Purdy’s injury was the final chapter in a season-long saga that saw the 49ers effectively run out of quarterbacks. Purdy had stepped in for Jimmy Garoppolo in December after Garoppolo, who had taken San Francisco to an NFC title game win three years ago, broke a bone in his foot. Garoppolo, in turn, had replaced the season-opening starter Trey Lance, who went down with an ankle injury in September.

Purdy’s unlucky break came by way of a blow to his arm that sidelined him for much of the first half and left him visibly limited when he returned. His own backup, Josh Johnson, is a journeyman who has played for an NFL-record 14 franchises and who, in a grim coda, left the game with a concussion.

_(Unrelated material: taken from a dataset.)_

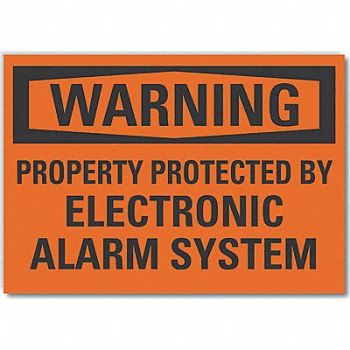 LYLE Surveillance Warning Label 3 1/2x5in, 64PY75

“I wish we had another shot at it with everybody,” San Francisco running back Christian McCaffrey said after the game. “But that’s life. That’s the way it goes.”

The Eagles now advance to their first Super Bowl since 2018, when backup quarterback Nick Foles led them to a win over Tom Brady and the New England Patriots. The NFC’s top overall seed, they have spent the season charting a favorite’s path.

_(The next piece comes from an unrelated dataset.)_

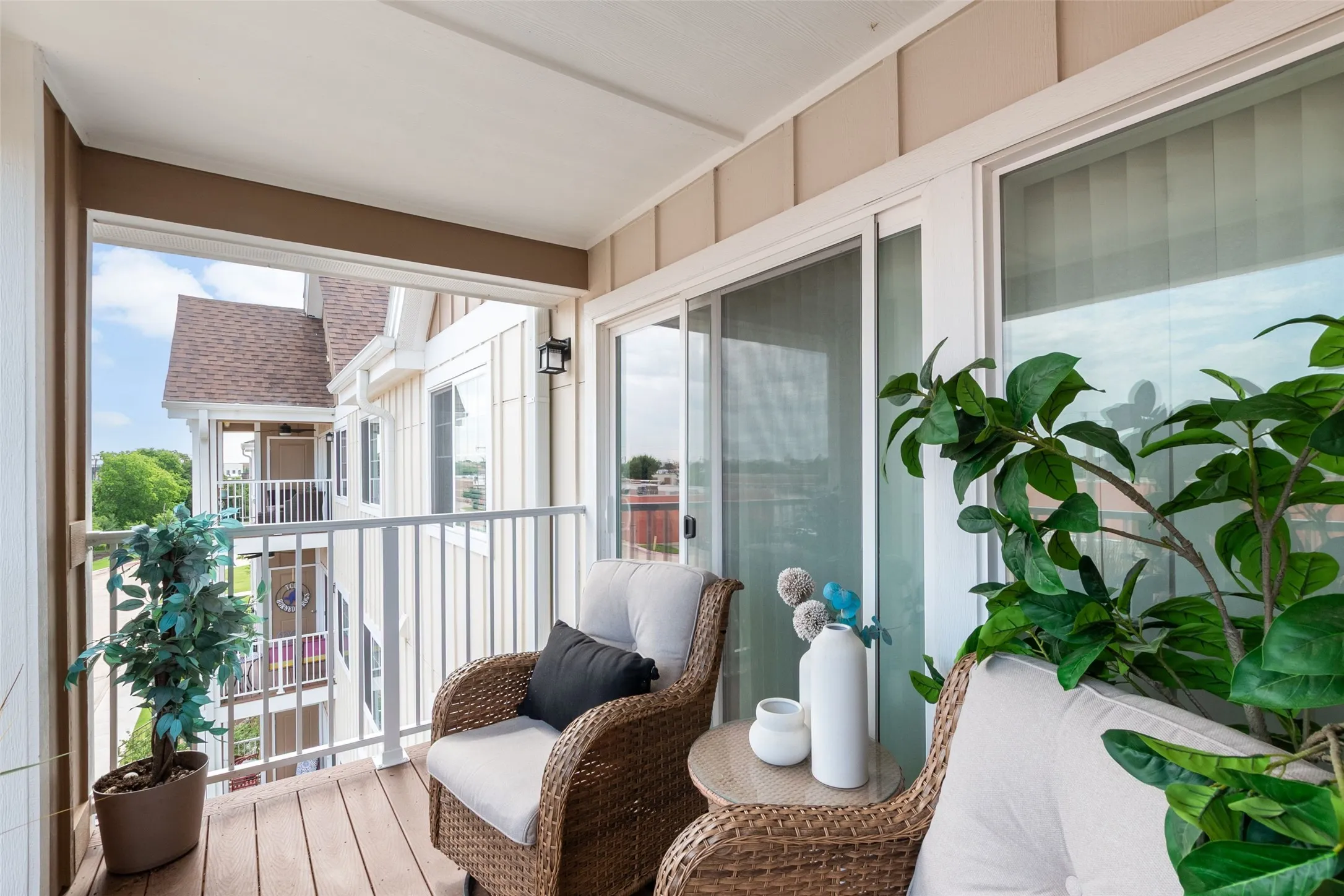Private Covered Balcony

Philadelphia’s offensive line, headed by 12th-year center Jason Kelce and buttressed by a gigantic former rugby player, paves the way for one of the NFL’s most reliable rushing attacks. Wide receiver A.J. Brown believes himself to be always open, and seems largely right. Head coach Nick Sirianni keeps his offense on the field to pick up key fourth downs. And Jalen Hurts, the quarterback who at the University of Alabama once got benched in a national championship game, emerged this year as an MVP candidate.

Jalen Hurts runs the ball against Dre Greenlaw of the San Francisco 49ers.PHOTO: TIM NWACHUKWU/GETTY IMAGES

Though the Eagles struggled to throw the ball for much of the afternoon on Sunday, they found traction with their ground game, and their defense overwhelmed a 49ers team forced to turn to its fourth quarterback of the year. Philadelphia tallied 148 rushing yards, and San Francisco managed just 83 yards passing.

The game tilted the Eagles’ way as soon as it started. On Philadelphia’s game-opening touchdown drive, Hurts converted a crucial fourth-and-3, dodging San Francisco pressure and lofting a pass to DeVonta Smith, who brought the ball down with one hand for a 29-yard gain. Then, the first time San Francisco had the ball, the Eagles’ Haason Reddick swerved around the end of the line to strip-sack Purdy, smacking his throwing arm and forcing him from the game.

“Just pain, really, all over,” Purdy said postgame.

A glimmer of hope, for the 49ers and for some suspense, came in the second quarter, when the 49ers evened things with a 46-yard touchdown drive. Forty four of those yards came on catches and carries from McCaffrey, who pinballed off a pair of attempted Philadelphia tackles for a 23-yard score.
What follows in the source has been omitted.